Classification and property extensions

IntroductionUp

We added classifications and properties to the database design in 02015. They qualify meanings and denotations. They do not qualify definitions, languages, language varieties, characters, scripts, sources, or users. Should they? Some proposals for the extension of classifications and properties have been made, but not yet implemented.

Sources

Starting in 02015 we have discussed the idea of extending classifications and properties to sources. There have been two main motivations: making it easier to record facts about sources, and supporting linkage between PanLex source data and external bibliographic data and standards, such as OCLC, Library of Congress (possibly under the Z39.50 standard), and Open Library.

Pool’s proposal 1

In 02016 Jonathan Pool proposed creating a new table for source classifications and a new table for source properties. He proposed that the existing source attribute li (license) be converted to a source classification, with art-301:license as the superclass expression and expressions from art-298 and art-299 as the class expressions, and the other optional attrbutes of sources be converted to source properties. His proposed app table differed from the existing mpp and dpp tables by including an sq column to identify the ordinal index of a property. This column would record the order of multiple like properties, such as authors. The attributes remaining in the ap table would be ID, registration date, estimated quality, and group ID.

Table app would absorb columns ur, bn, au, ti, pb, yr, ul, ip, co, and ad of table ap (sources). Their ex values would be the IDs of equivalent expressions in the DCMI Metadata Terms language variety, art-301. or the PanLex Source Classes and Properties language variety, art-305.

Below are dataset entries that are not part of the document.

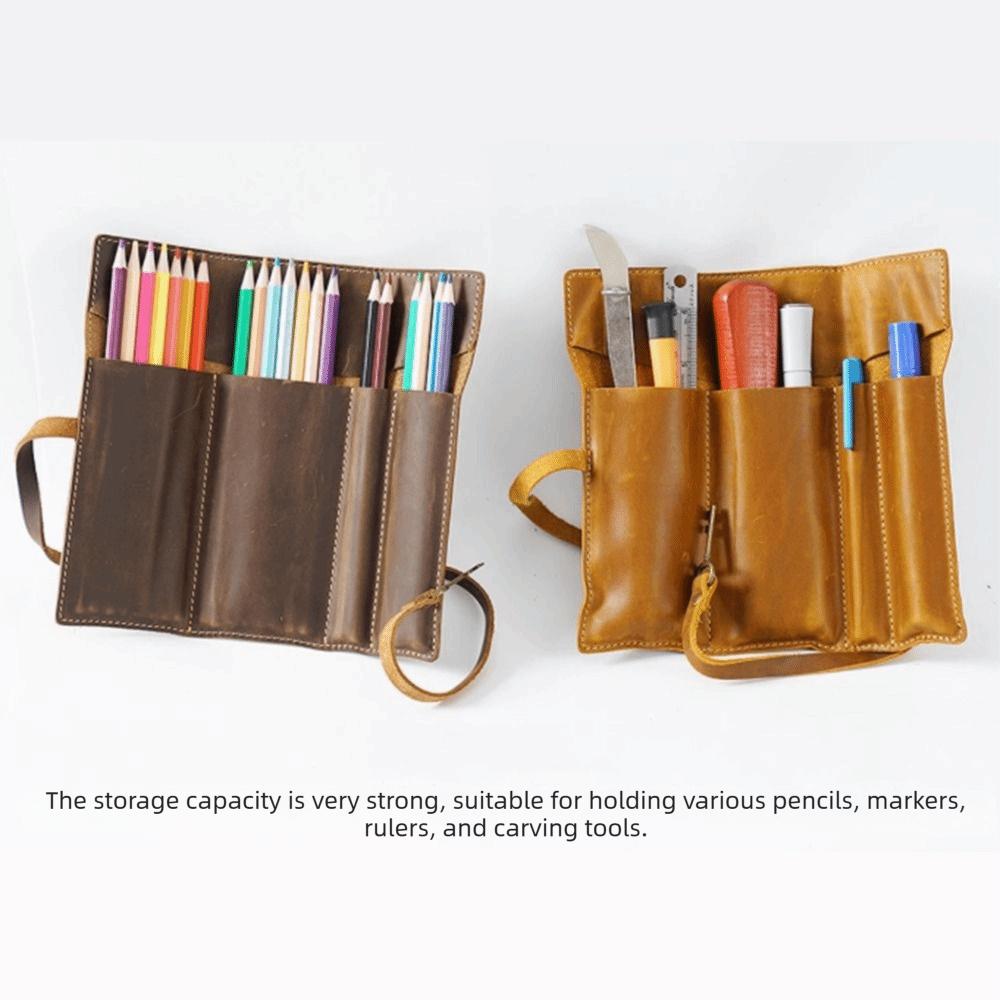 Multi-Compartment Pencil Roll Bag Cowhide Leather Vintage Cowhide Pencil Case Literary Style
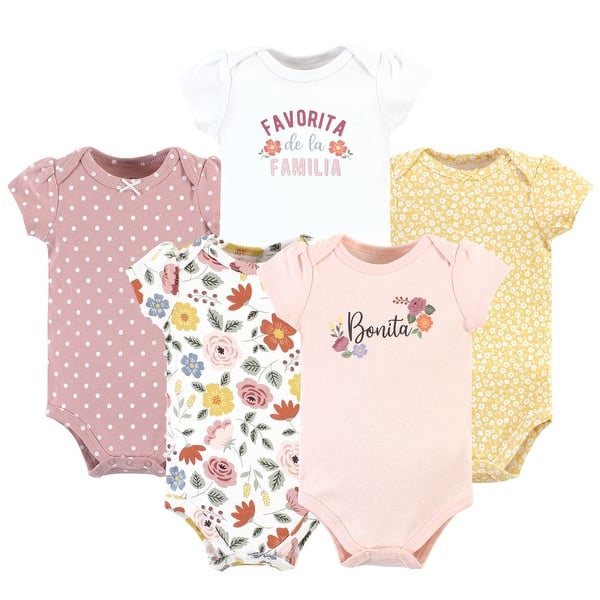 slide 1 of 1, Hudson Baby Infant Girl Cotton Bodysuits, Bonita 5 Pack Preemie - Bonita 5 Pack
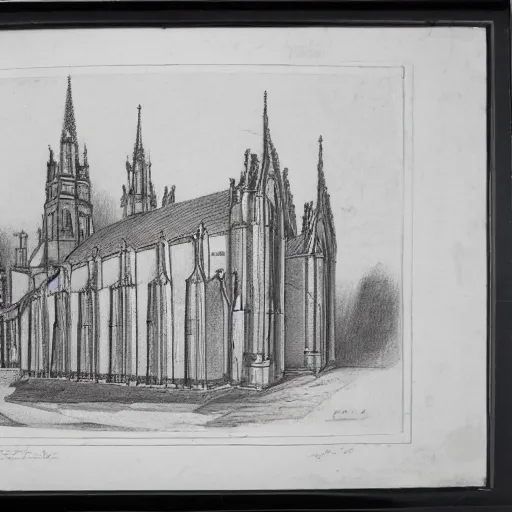 Image similar to claude nicolas ledoux drawing of gigantic church
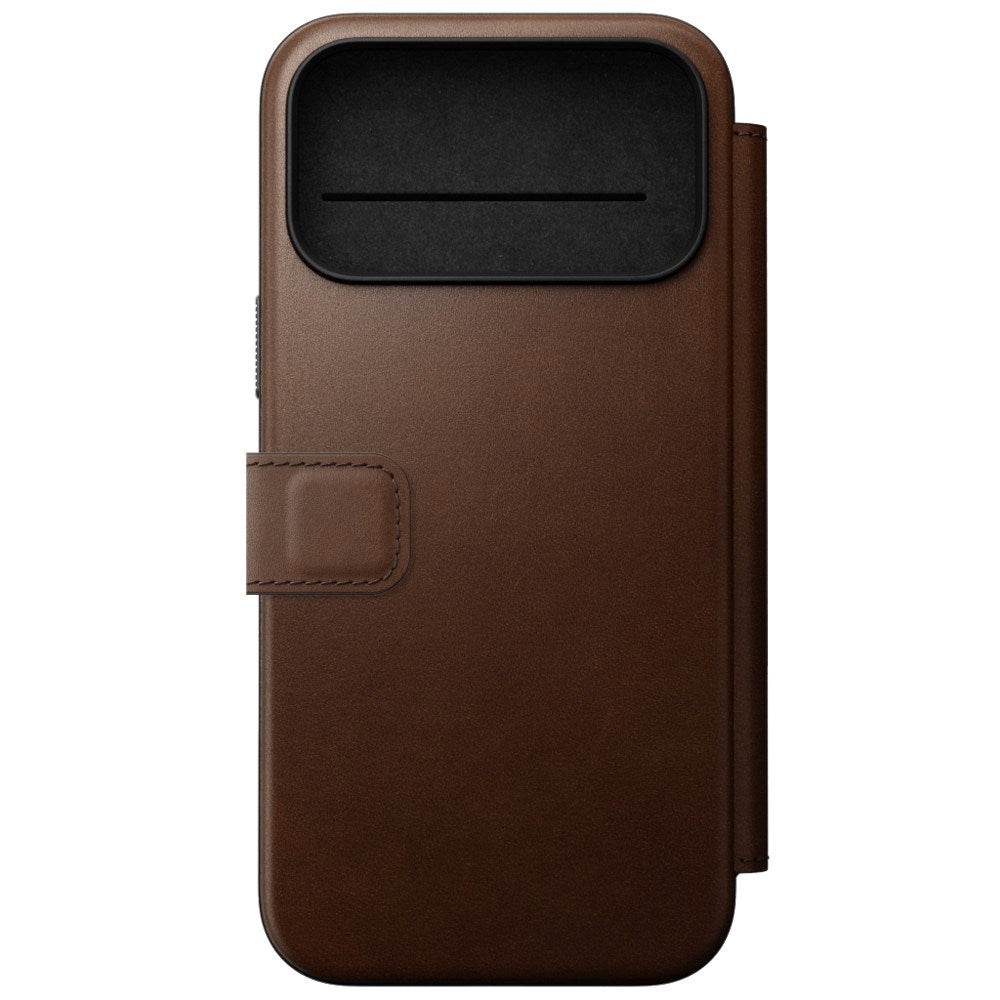 iPhone 18 Pro Max Nomad Modern Leather Folio Case - MagSafe Kompatibel - Brown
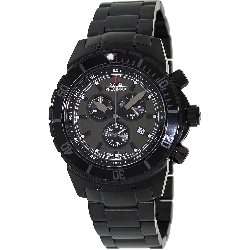 Swiss Precimax Men's Pursuit Pro SP13295 Black Stainless-Steel Swiss Chronograph Watch with Grey Dial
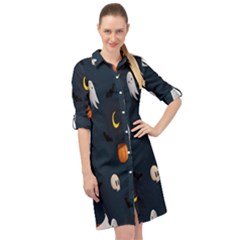 Halloween Long Sleeve Mini Shirt Dress by nate14shop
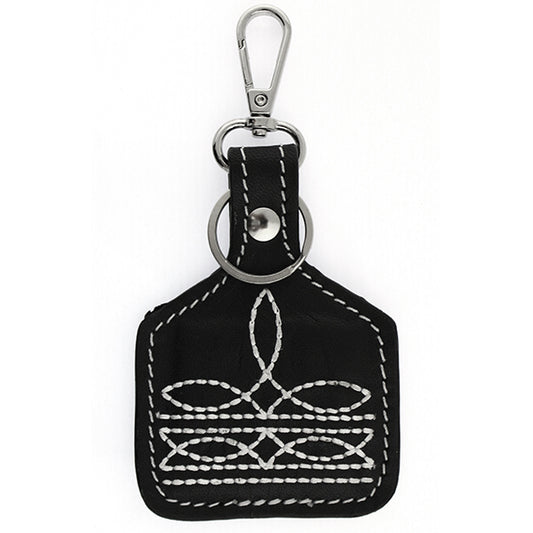 Black Boot Stitch Leather Cow Tag Keychain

The sq column of table app would identify the sequential index of each property, permitting properties of the same source with the same attribute (e.g., multiple authors) to be ordered.

Kamholz’s proposal 2

In June 02016 David Kamholz proposed creating a PanLex-sponsored “meta-source” (art-PanLex, ID 0) whose meanings would belong to sources. When the meta-source equipped a meaning with a classification, property, definition, or denotation, that detail would be associatable with a particular source, namely the source owning that meaning. The ownership of a meaning by a source would appear in the ap table, in a new mn column, constrained to reference a meaning. The same method would be applied to any other table (such as lv) that we wanted to make eligible for classifications and properties.

Restrictions on the meta-source would be introduced, so that its meanings would be protected.

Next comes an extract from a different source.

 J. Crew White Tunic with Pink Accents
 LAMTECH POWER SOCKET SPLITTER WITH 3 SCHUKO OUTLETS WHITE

In the conversion of multivalued fields, such as ap.au (author), to meaning properties, the existing dilimited strings, containing pseudo-lists in the desired orders, would be preserved.

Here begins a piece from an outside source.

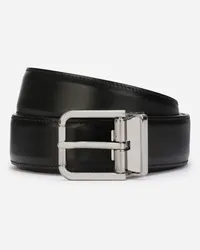 Dolce & Gabbana Brushed Calfskin Belt - Uomo Cinture Nero Pelle Nero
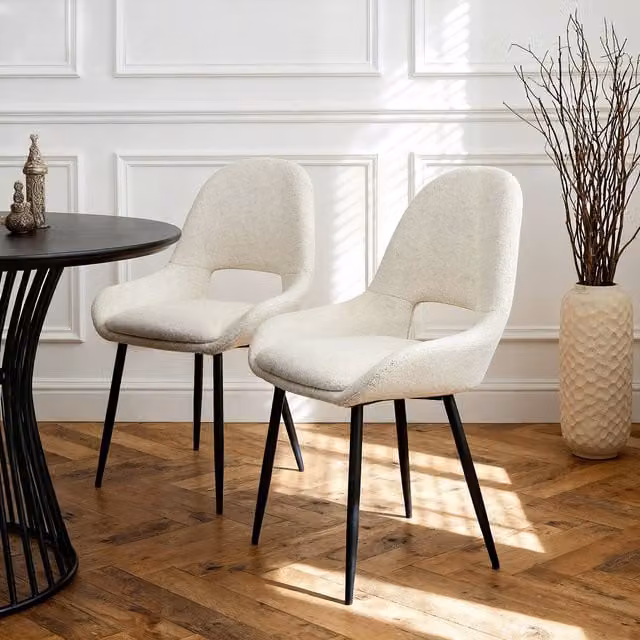 Home Garden Direct Pebble Set of 2 Bouclé Fabric Dining Chairs in Light Grey and Cream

References to tables and columns of tables that the new classifications and properties replaced would be amended to stop using those tables and columns. Thereafter, those tables and columns would be dropped. Kamholz did not specify them, but for sources they might be tables aped, af, fmapli, and av, and table ap’s columns ur, bn, au, ti, pb, yr, ul, li, ip, co, and ad.

Pool’s proposal 2

In October 02016 Jonathan Pool proposed a variant of Kamholz’s proposal 1 involving distributed control over source descriptions. It would be implemented with the following steps:

  1. Create an immutable language variety art-nnn with default name “PanLex Source Labels”.
  2. Generalize the title of source 0 from “PanLex meta-source” to “PanLex Lexical Translations” and revise its label from art:PanLex to art-mul:Panlex. (It will translate source labels into titles in various language varieties.)
  3. For each existing source, do the following:
    1. Create a meaning of art:PanLex and give it a denotation, whose expression is in art-nnn and has a text identical to the source’s label (i.e. the value of column ap.tt).
    2. Create a property of that meaning with attribute art-317:superseded and a value identical to the source’s ID (column ap.ap).
    3. Change the value in column ap.ap to the ID of the expression of the denotation of that meaning.
  4. Making use of the meanings created in the previous step, duplicate the values in the following columns and tables as follows:
    • ap except columns ap, dt, ex, yruq, and ui
      • ur: meaning properties.
      • bn: meaning properties.
      • au: meaning properties and/or meaning classifications.
      • ti: translations, meaning classifications, and/or meaning properties.
      • pb: meaning properties and/or meaning classifications.
      • ul: meaning properties and/or meaning classifications.
      • li: meaning properties and/or meaning classifications.
      • ip: meaning properties.
      • co: meaning properties and/or meaning classifications.
      • ad: meaning properties.
    • aped except columns cx, dn, and dnauto
      • q: meaning classifications.
      • im: meaning classifications.
      • fp: meaning properties.
      • etc: meaning properties and/or meaning classifications.
    • af: meaning classifications.
    • fm: meaning classifications.
    • apli: meaning classifications.
    • av: meaning classifications.
  5. Amend all subroutines, functions, and references that interrogate or modify the duplicated values to act on their new versions.
  6. Add a constraint to column ap.ap requiring its values to be values of column ex.ex.
  7. Drop the duplicated columns and tables.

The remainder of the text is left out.